Pernyataan-pernyataan politik seperti itu, yang memuja tokoh-tokoh tertentu dengan penuh kekaguman dan mengangkat mereka sebagai pahlawan atau panutan, seringkali menjadi ciri khas dalam iklim politik yang otoriter. Ketika seorang tokoh politik atau figur publik menjadi pusat perhatian dan dipuja-puja oleh para pengikutnya, hal itu dapat mencerminkan dinamika kekuasaan yang sentralistis dan otoriter.
Dalam konteks Indonesia, contoh yang sering dikutip adalah pernyataan Grace Natalie yang menyebut bahwa masyarakat butuh sosok seperti Kaesang – untuk memperbaiki Indonesia, putra Presiden Joko Widodo, atau pernyataan Habiburahman yang menyatakan Gibran Rakabuming, putra sulung Presiden Jokowi, sebagai sosok “kelas dunia”. Pernyataan-pernyataan semacam ini mencerminkan fenomena di mana figur-figur politik yang memiliki hubungan dekat dengan pusat kekuasaan diberi perlakuan istimewa dan dipuja-puja oleh sebagian masyarakat.
Dalam iklim politik yang demokratis, kebebasan berekspresi dan pluralisme pendapat menjadi prinsip utama. Namun, dalam situasi yang otoriter, dinamika kekuasaan cenderung menciptakan budaya penghormatan buta terhadap pemimpin atau tokoh-tokoh yang dianggap memiliki kedudukan tinggi atau kuat dalam struktur kekuasaan. Hal ini dapat terjadi karena adanya tekanan atau intimidasi terhadap kritik terhadap pemerintah atau tokoh-tokoh yang dipuja, serta adanya upaya untuk memperkuat legitimasi kekuasaan dengan membangun kultus kepemimpinan.
Pernyataan-pernyataan seperti yang disampaikan oleh Grace Natalie atau Habiburahman mencerminkan bagaimana kekuasaan politik dapat digunakan untuk memengaruhi persepsi publik dan menciptakan narasi yang menguntungkan bagi pemerintah atau golongan tertentu. Dalam konteks ini, pemimpin atau tokoh-tokoh yang dipuja menjadi simbol dari kekuatan politik yang dianggap tak tergoyahkan dan di luar kritik.

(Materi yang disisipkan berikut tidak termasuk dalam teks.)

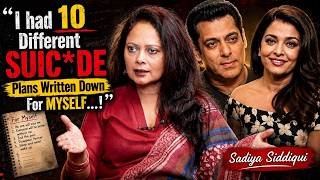 Sadiya Siddiqui : ‘Aishwarya Rai tried to HIDE her PAIN after her BREAK UP with Salman Khan, but...!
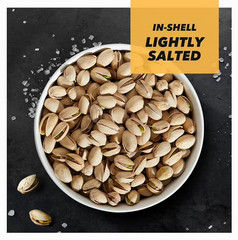 Wonderful Pistachios In-Shell Lightly Salted Nuts, 16 Ounce Bag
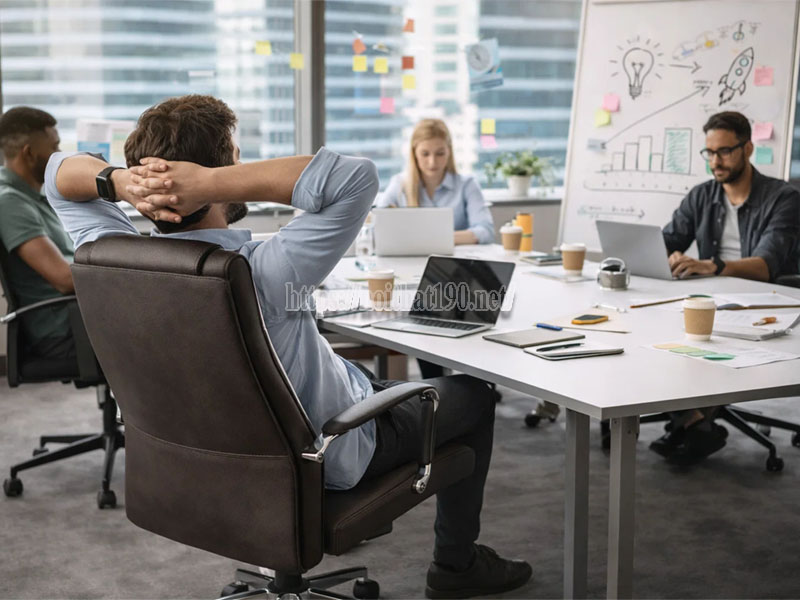 ghế lãnh đạo có cần cho startup không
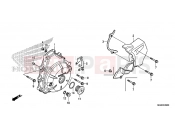 HONDA NC700SDD NC700S Dual Cluth ABS 2013 E-9 A.C. GENERATOR COVER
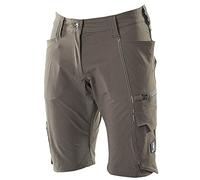 Mascot 18149-511-18 Accelerate Ultimate Stretch Lightweight Shorts, Dark Charcoal, C42 Size
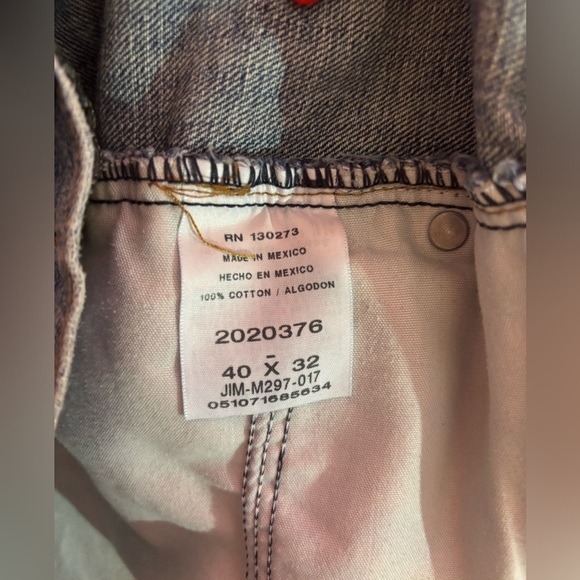 Men’s Lee Regular Fit 40x32’s - Picture 4 of 8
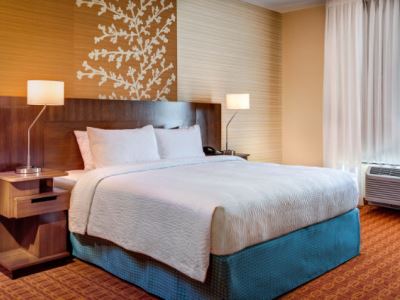 bedroom - hotel fairfield inn and ste dallas plano north - plano, united states of america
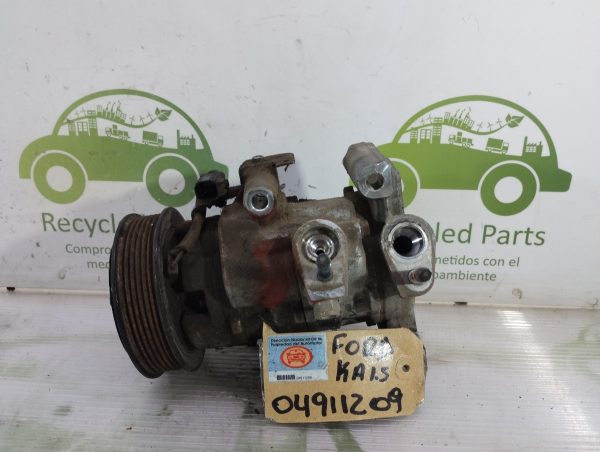 Compresor De A/a Ford Ka 1.5 16v (04911209)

Namun, fenomena ini juga dapat menimbulkan dampak negatif bagi demokrasi. Pengagungan berlebihan terhadap pemimpin atau tokoh-tokoh tertentu dapat mengaburkan pandangan kritis terhadap kebijakan pemerintah atau tindakan-tindakan yang mungkin kontroversial. Hal ini dapat menghambat perdebatan yang sehat dan pluralisme pendapat dalam masyarakat.
Dalam upaya memperkuat demokrasi, penting untuk memperjuangkan kebebasan berekspresi, mempromosikan keadilan, dan mendorong partisipasi aktif masyarakat dalam proses politik. Selain itu, perlindungan terhadap hak asasi manusia dan prinsip-prinsip demokratis harus dijunjung tinggi untuk mencegah terjadinya penyalahgunaan kekuasaan dan pembatasan terhadap kebebasan berpendapat. Dengan demikian, masyarakat dapat memperoleh informasi yang lebih beragam dan dapat membuat keputusan yang lebih baik dalam hal politik dan tata kelola negara.